◆ Prompt
Retype the whole listing, please, keeping every line exact and dropping the pictures.
#### Provided data ####
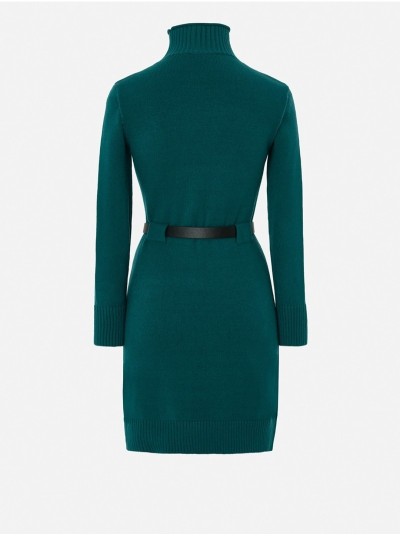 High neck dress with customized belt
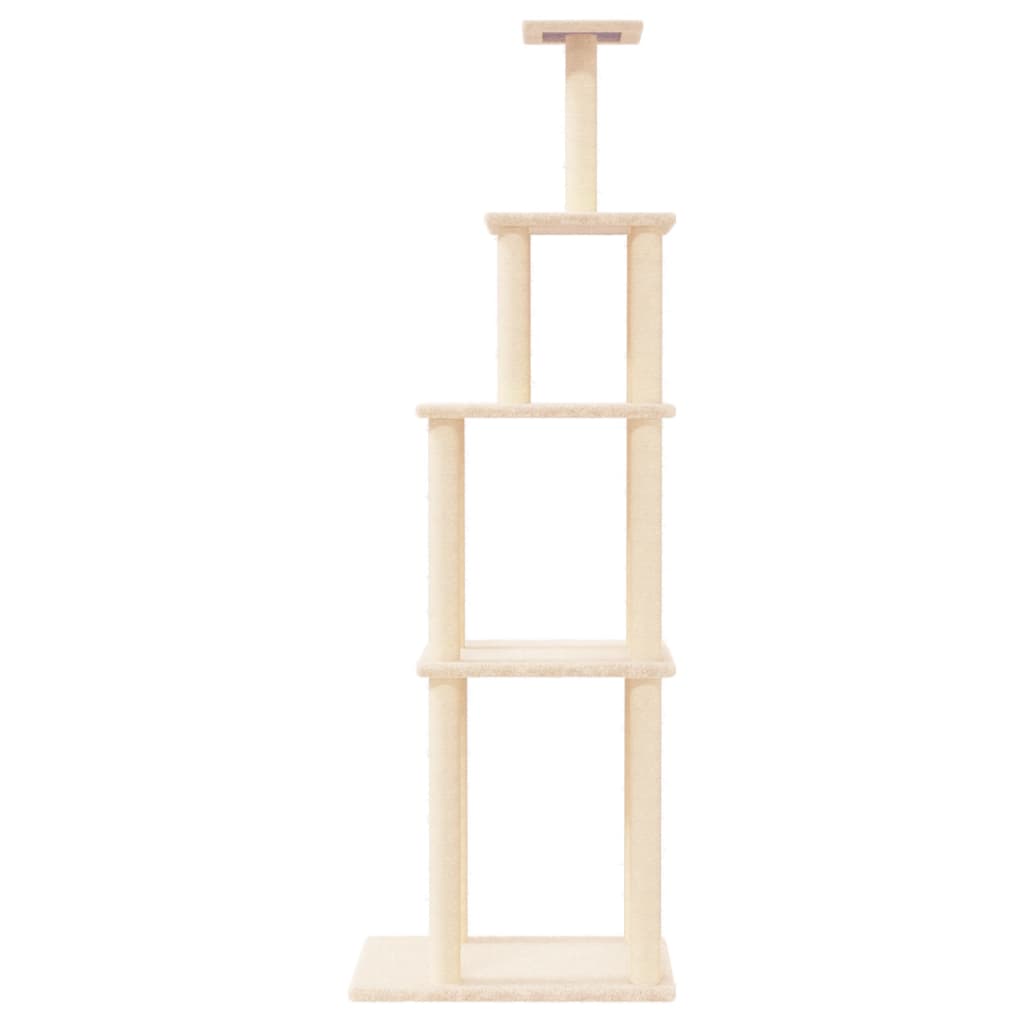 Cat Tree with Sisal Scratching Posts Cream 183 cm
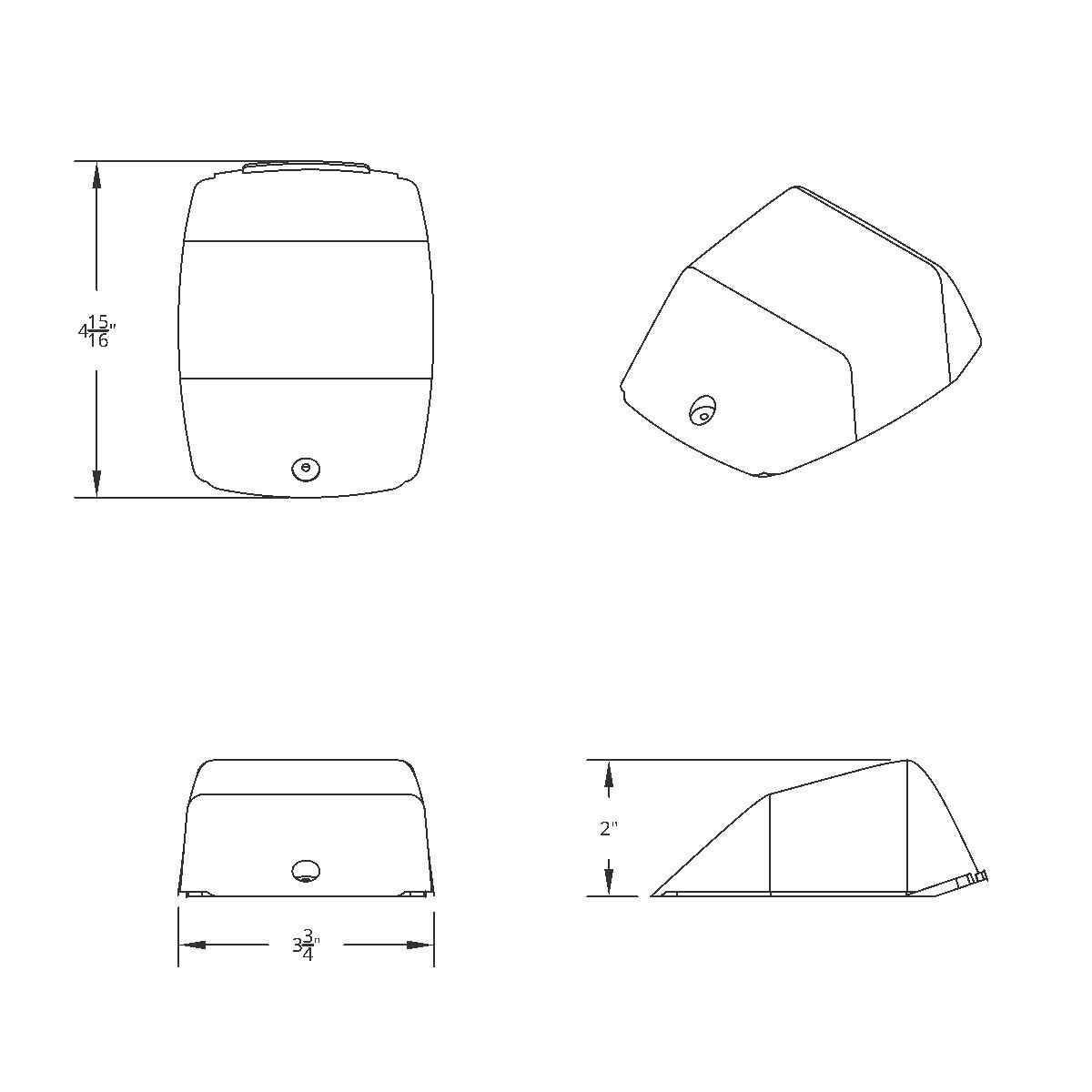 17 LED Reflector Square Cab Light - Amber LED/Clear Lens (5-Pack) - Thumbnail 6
####
◆ Task solution
 High neck dress with customized belt
 Cat Tree with Sisal Scratching Posts Cream 183 cm
 17 LED Reflector Square Cab Light - Amber LED/Clear Lens (5-Pack) - Thumbnail 6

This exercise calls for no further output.